Therese Christensen (1946–2017) was one of Norway’s significant artists and a distinctive figure in Bergen’s art world. The exhibition “Afternoon Signals” in the Tower Room presents a selection of works from the end of the 1990s to some of the last works she produced.
Inspired by her studies in Los Angeles, Christensen worked with painting and drawing in an abstract idiom, where references to American abstract expressionism and colour field painting are clearly present.
Towards the end of the 1990s Christensen gradually moved away from a darker palette and a compositional painting style, towards a more transparent and weightless mode of expression. When standing in front of the works, which have an almost corporeal format, the viewer becomes engulfed in the movement that takes place on the canvas.
Therese Christensen was educated at UCLA in Los Angeles, The National College of Art and Design (today part of the Oslo National Academy of the Arts) and West Norway’s National Academy of Art in Bergen. She made her debut at the Annual Autumn Exhibition already as a student, and was represented in a long line of solo and group exhibition throughout her career.

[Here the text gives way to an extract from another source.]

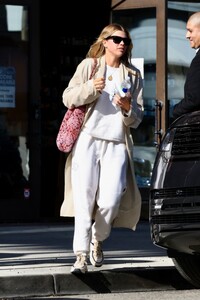 sofia-richie-out-and-about-in-beverly-hills-02-23-2023-5.jpg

With her focus on abstract and expressionist forms of expression Christensen distinguished herself early on in the local art milieu. “My point of departure is always colour”, Christensen said about her works. She was preoccupied with the movement of colours between surface and form, and how colours were capable of evoking atmosphere as well as physical sensations in the viewer.
For Christensen the physical and visual aspects of the picture plane were essential. The canvas was submitted to improvised acts. When painting, she eventually abandoned the brush in favour of using her hands and fingers directly on the canvas in order to achieve a more direct and intuitive contact with the surface. Materials such as pigments, glue and water were applied to unprimed canvases.
This method of working, where the colours are diluted and soak into the support, produces a watercolour effect. The colours achieve subdued, aesthetically beautiful resonances that interact with each other, creating little conversations between them. In some of the last paintings and drawings we can discern traces of writing, applied with the left hand, often while blindfolded. In this way Christensen liberated herself from habitual actions, relying rather on circumstantial and indeterminate effects.
The exhibition “Therese Christensen – Afternoon Signals” exhibits works from KODE’s own collection and private loans. The exhibition will be on view in the Tower Room in KODE 4 until 21 October 2018.